May 21, 2014Marketing the book


I've trimmed a bit. The full review is in the Sci-Fi journal, Locus

...Reading The Boost, one discovers that Baker plainly knows all this and is intent on giving us a stefnal allegory about our contemporary madness. But that goal does not stand in the way of a rousing, idea-packed adventure story from this highly competent beginning novelist, whose CV as a tech writer for BusinessWeek has obviously prepped him well to speculate on cutting edge technology and its impact.

The year is 2072, and every single citizen who is not an outcast “wild” human has “the boost” in his or her head: a gadget no bigger than a fly’s wing, implanted in youth, that offers virtual reality, augmented reality, mind-to-mind communications, life-logging, auxiliary memory and general internet access. With free annual software upgrades! “Every year, some 430 million Americans wake up one day in the middle of March feeling different, smarter, snappier.”

But that upgrade is now the source of trouble. This year’s download contains a secret back door inserted by the Chinese engineers, Gate 318 Blue, allowing who-knows-what kinds of hacking. Learning of this, our hero, Ralf Alvare of the federal Upgrade Department, finds his life immediately overturned and in peril before he can even act. He’s kidnapped and his boost is surgically removed.

Escaping with the help of a mysterious Asian man, now a helpless “wild human” himself, he goes on the run, hooking up for assistance with sometime paramour Ellen (who happens to sport the fashionable “Artemis” somatype). They head to El Paso to meet with Ralf’s brother Simon, who might offer some solutions.

But on their trail, under the command of despotic, ninety-three-year-old billionaire John Vallinger, is the oversized hired killer named Oscar Espinoza. The trio of Ellen, Rafe and Simon eventually flee over the border, into Ciudad Juárez, where everyone is a wild human. There, they encounter the local crime kingpin, Don Paquito, whose old-fashioned illicit network—featuring an actual newspaper, of all antique things!—might just offer a solution to their problems and to the larger dilemma of the tainted upgrade.

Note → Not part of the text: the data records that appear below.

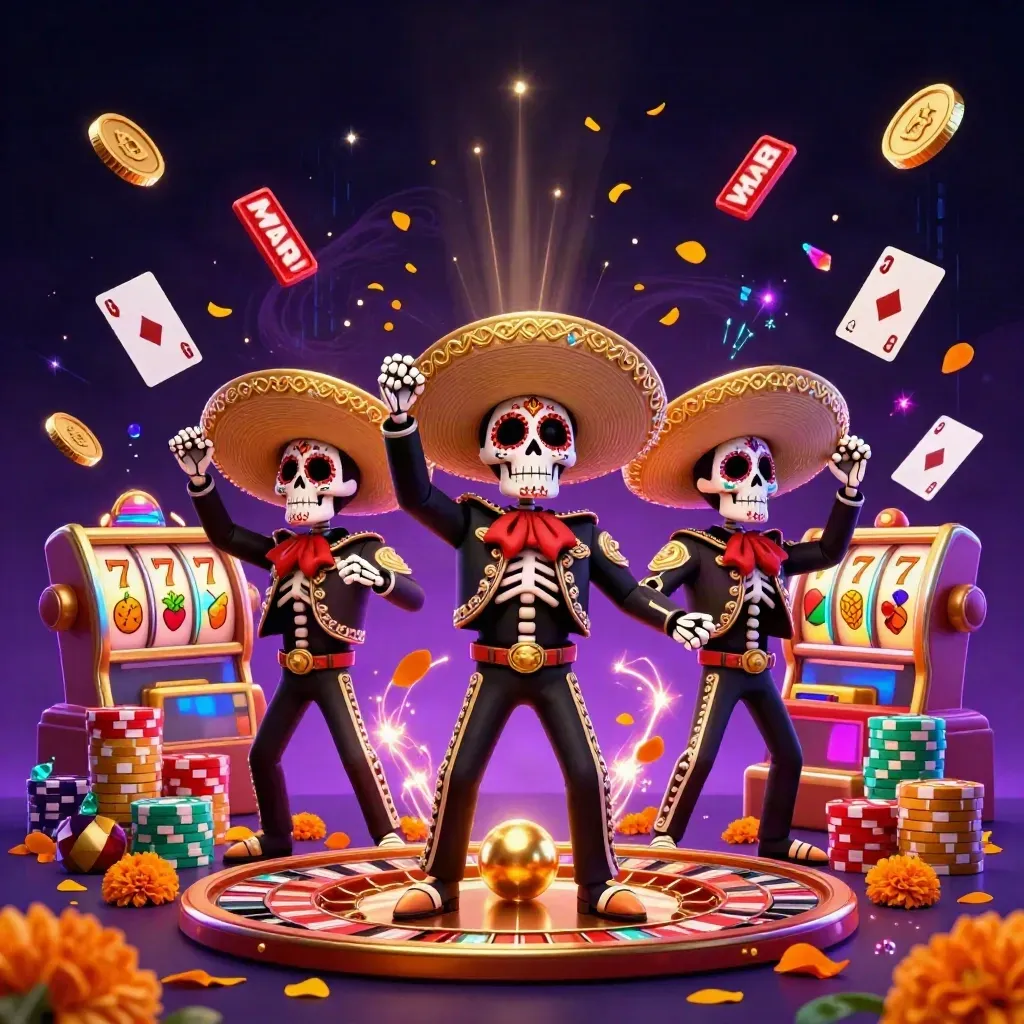 Tiga kerangka mariachi 3D dikelilingi koin emas, kartu, roda roulette, dan efek neon.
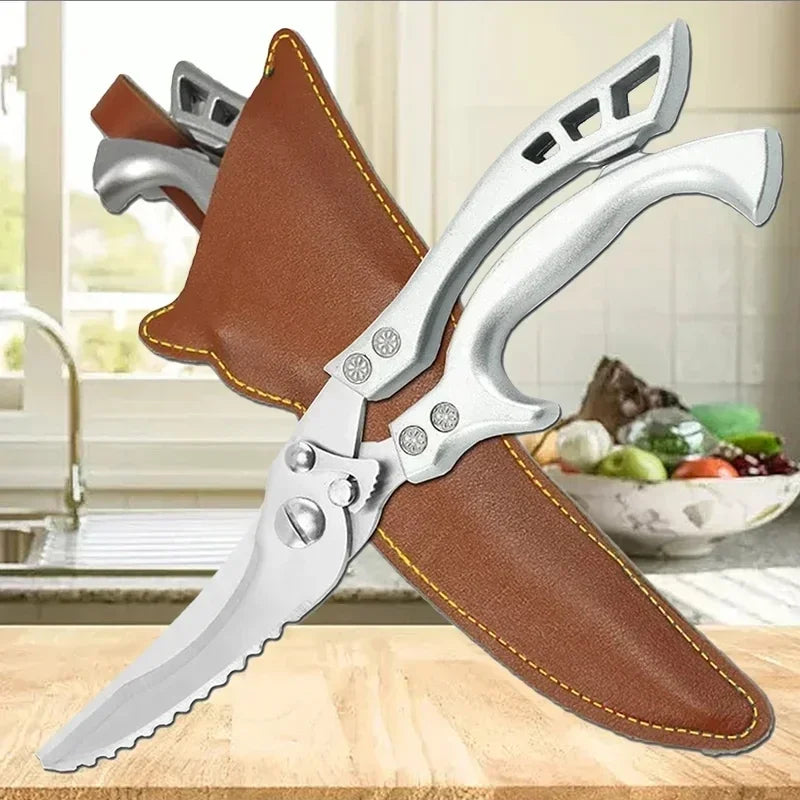 Conjunto de Facas de Cozinha Profissional com Tesoura Multiuso Lâminas Estilo Damasco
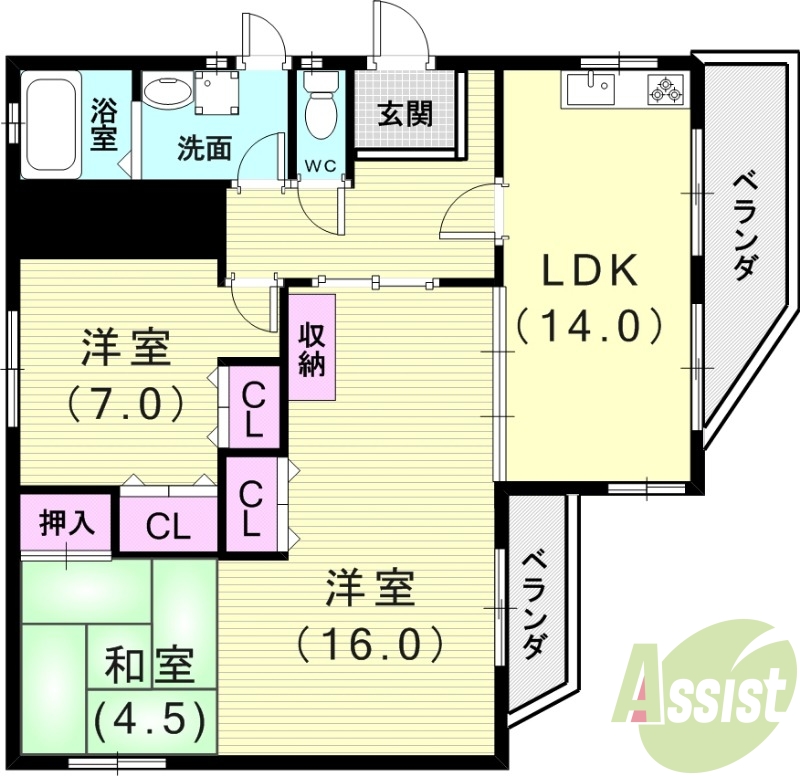 多井畑貸家の間取り写真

Now, before we begin to look at Baker’s commentary on the nature of the boost—and by extension, our always-wired cell phone culture—let’s give him props for sheer storytelling. His tale is rendered in light, easy, smooth prose which walks the tragicomic tightrope brilliantly and deftly. There’s a definite Donald Westlake vibe to such elements as put-upon hit man Espinoza, who relishes becoming wild because it frees him from his overseer, Vallinger’s hireling, the virtual-porn entrepreneur George Smedley, allowing Espinoza to luxuriate in Mexico with lots of meals of delicious goat. Then there’s the intriguing love story between Ellen and Ralf; the surprising family dynamics of the Alvare clan; the lifestyle of being a beautiful Artemis woman; international realpolitik; and a host of other non-tech aspects of late-21st-century life.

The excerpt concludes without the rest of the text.